Perhaps Mr. Connor and his policemen have been rather nonviolent in public, as was Chief Pritchett in Albany, Georgia,
but they have used the moral means of nonviolence to maintain the immoral end of racial injustice. As T S. Eliot has
said: “The last temptation is the greatest treason: To do the right deed for the wrong reason.”
I wish you had commended the Negro sit-inners and demonstrators of Birmingham for their sublime courage, their
willingness to suffer and their amazing discipline in the midst of great provocation. One day the South will recognize
its real heroes. They will be the James Merediths, with the noble sense of purpose that enables them to face jeering
and hostile mobs, and with the agonizing loneliness that characterizes the life of the pioneer. They will be old,
oppressed, battered Negro women, symbolized in a seventy-two-year-old woman in Montgomery, Alabama, who rose up with a
sense of dignity and with her people decided not to ride segregated buses, and who responded with ungrammatical
profundity to one who inquired about her weariness: “My feets is tired, but my soul is at rest”; they will be the
young high school and college students, the young ministers of the gospel and a host of their elders, courageously and
nonviolently sitting in at lunch counters and willingly going to jail for conscience’s sake.

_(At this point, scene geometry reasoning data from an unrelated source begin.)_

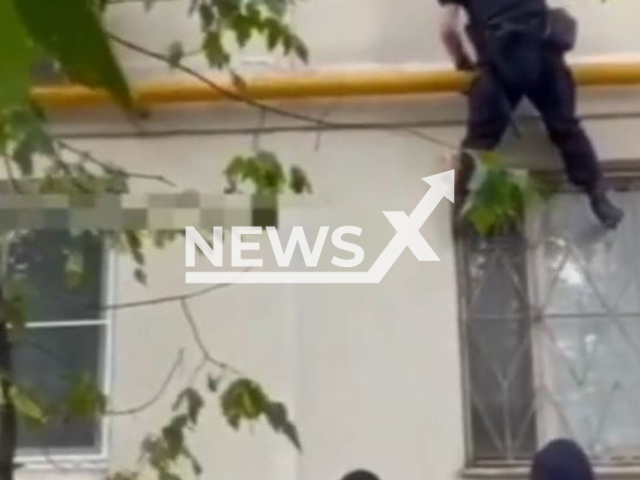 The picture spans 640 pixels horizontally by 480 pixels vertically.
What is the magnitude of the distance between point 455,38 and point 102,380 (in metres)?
1.15

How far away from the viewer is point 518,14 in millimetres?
2877

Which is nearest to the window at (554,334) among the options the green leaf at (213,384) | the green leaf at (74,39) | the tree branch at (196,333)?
the tree branch at (196,333)

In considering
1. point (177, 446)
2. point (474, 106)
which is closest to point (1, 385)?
point (177, 446)

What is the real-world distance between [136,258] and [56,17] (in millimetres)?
1939

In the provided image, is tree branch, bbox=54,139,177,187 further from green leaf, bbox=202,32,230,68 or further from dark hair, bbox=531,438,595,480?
dark hair, bbox=531,438,595,480

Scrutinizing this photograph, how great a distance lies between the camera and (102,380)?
9.55ft

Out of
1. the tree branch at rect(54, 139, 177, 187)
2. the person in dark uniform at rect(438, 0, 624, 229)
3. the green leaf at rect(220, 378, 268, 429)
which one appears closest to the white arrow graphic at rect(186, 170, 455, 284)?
the person in dark uniform at rect(438, 0, 624, 229)

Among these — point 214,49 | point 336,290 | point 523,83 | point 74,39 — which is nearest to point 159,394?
point 336,290

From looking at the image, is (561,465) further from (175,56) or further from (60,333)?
(60,333)

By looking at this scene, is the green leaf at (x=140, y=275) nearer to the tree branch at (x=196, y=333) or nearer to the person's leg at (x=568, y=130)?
the tree branch at (x=196, y=333)

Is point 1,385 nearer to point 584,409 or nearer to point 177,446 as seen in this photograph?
point 177,446

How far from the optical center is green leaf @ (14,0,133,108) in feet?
1.25

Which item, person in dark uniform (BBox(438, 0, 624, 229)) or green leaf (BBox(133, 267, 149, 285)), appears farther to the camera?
person in dark uniform (BBox(438, 0, 624, 229))

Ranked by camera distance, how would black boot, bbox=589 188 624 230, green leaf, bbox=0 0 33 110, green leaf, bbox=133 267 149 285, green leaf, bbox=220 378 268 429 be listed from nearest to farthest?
green leaf, bbox=0 0 33 110 < green leaf, bbox=220 378 268 429 < green leaf, bbox=133 267 149 285 < black boot, bbox=589 188 624 230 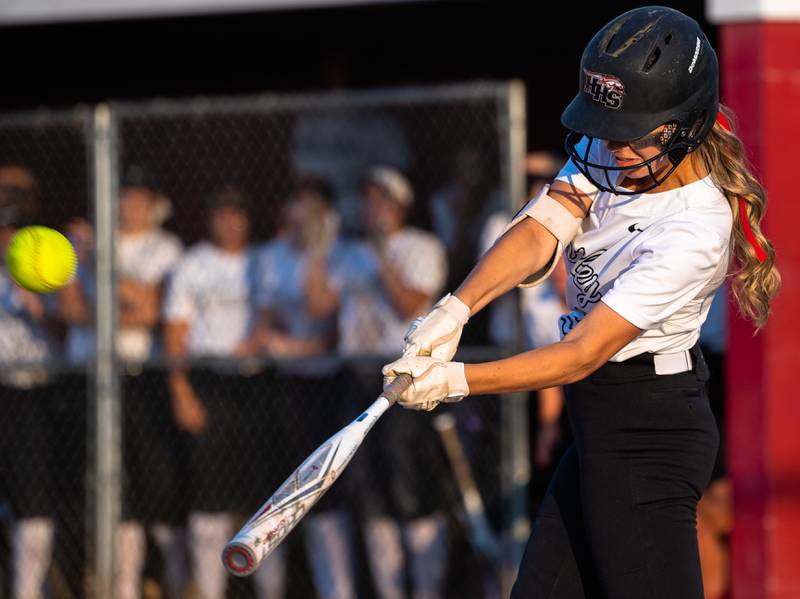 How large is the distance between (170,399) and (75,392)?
51cm

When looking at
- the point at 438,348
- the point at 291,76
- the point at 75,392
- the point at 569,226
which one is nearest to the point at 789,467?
the point at 569,226

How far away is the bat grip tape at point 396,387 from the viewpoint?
275 centimetres

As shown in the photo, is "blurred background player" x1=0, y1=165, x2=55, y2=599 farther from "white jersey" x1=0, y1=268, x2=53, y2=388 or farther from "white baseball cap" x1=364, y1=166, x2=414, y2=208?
"white baseball cap" x1=364, y1=166, x2=414, y2=208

One day the South will
know that when these disinherited children of God sat down at lunch counters, they were in reality standing up for
what is best in the American dream and for the most sacred values in our Judaeo-Christian heritage, thereby bringing
our nation back to those great wells of democracy which were dug deep by the founding fathers in their formulation of
the Constitution and the Declaration of Independence.
Never before have I written so long a letter. I’m afraid it is much too long to take your precious time. I can assure
you that it would have been much shorter if I had been writing from a comfortable desk, but what else can one do when
he is alone in a narrow jail cell, other than write long letters, think long thoughts and pray long prayers?
If I have said anything in this letter that overstates the truth and indicates an unreasonable impatience. I beg you
to forgive me. If I have said anything that understates the truth and indicates my having a patience that allows me to
settle for anything less than brotherhood, I beg God to forgive me.
I hope this letter finds you strong in the faith. I also hope that circumstances will soon make it possible for me to
meet each of you, not as an integrationist or a civil-rights leader but as a fellow clergyman and a Christian brother.
Let us all hope that the dark clouds of racial prejudice will soon pass away and the deep fog of misunderstanding will
be lifted from our fear-drenched communities, and in some not too distant tomorrow the radiant stars of love and
brotherhood will shine over our great nation with all their scintillating beauty.
Yours for the cause of Peace and Brotherhood”

Martin Luther King, Jr.

QUESTIONS FOR CLASS.

These questions refer to the Reverend King’s letter yet the answers may in part be in “A Call for Unity” by the eight
clergymen.

1. What is the question or problem addressed by the writer?
2. What is the writer’s position or angle of vision?
3. What positions or views is the writer pushing against or opposing?
4. What is at stake in this argument?